Records for this task -

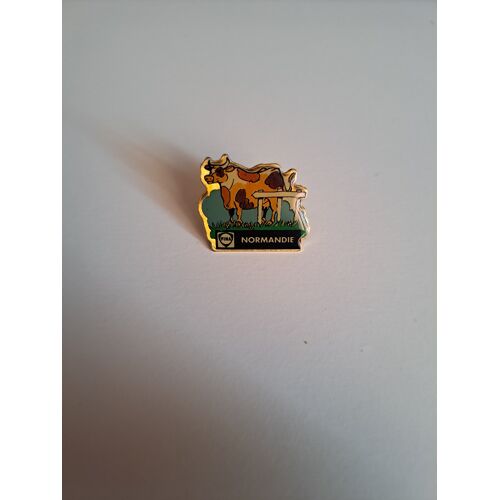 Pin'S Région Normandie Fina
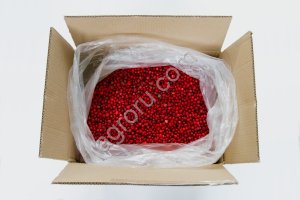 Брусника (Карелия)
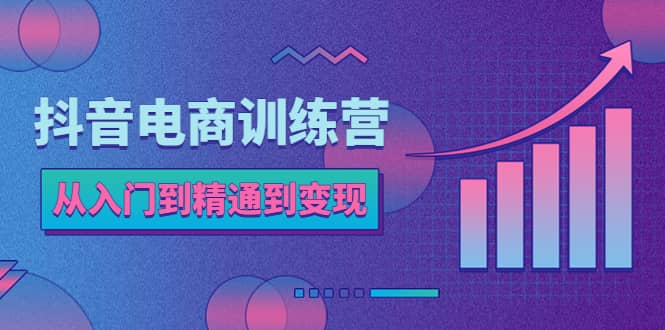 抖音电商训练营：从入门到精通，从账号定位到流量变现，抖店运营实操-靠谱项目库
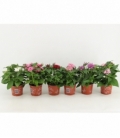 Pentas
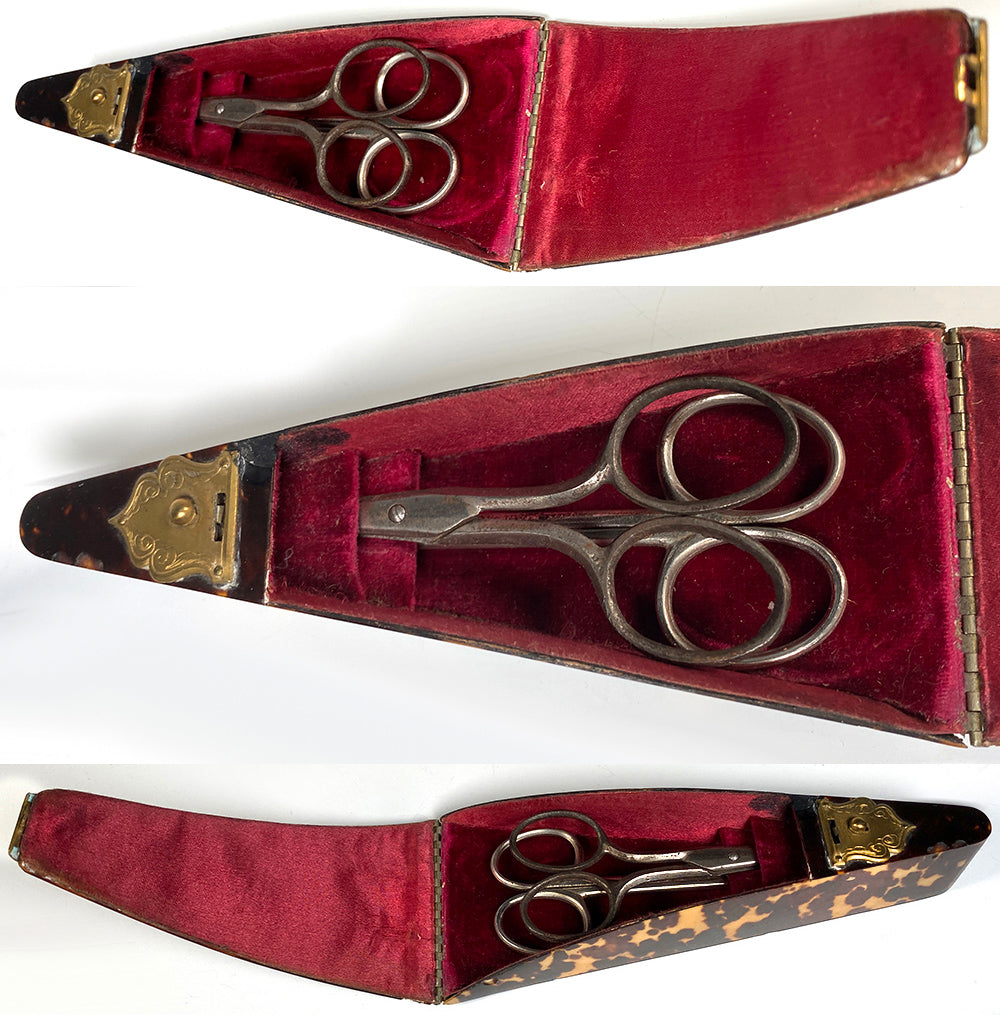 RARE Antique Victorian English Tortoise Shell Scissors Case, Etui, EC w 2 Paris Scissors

--

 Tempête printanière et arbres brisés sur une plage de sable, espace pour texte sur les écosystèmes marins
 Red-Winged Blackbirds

To do -
Above are records with pictures. Reproduce exactly only the lines from the line with "Pin'S Région Normandie Fina" through the line with "RARE Antique Victorian", both ends included, and leave the pictures out.

Output of the exercise -
 Pin'S Région Normandie Fina
 Брусника (Карелия)
 抖音电商训练营：从入门到精通，从账号定位到流量变现，抖店运营实操-靠谱项目库
 Pentas
 RARE Antique Victorian English Tortoise Shell Scissors Case, Etui, EC w 2 Paris Scissors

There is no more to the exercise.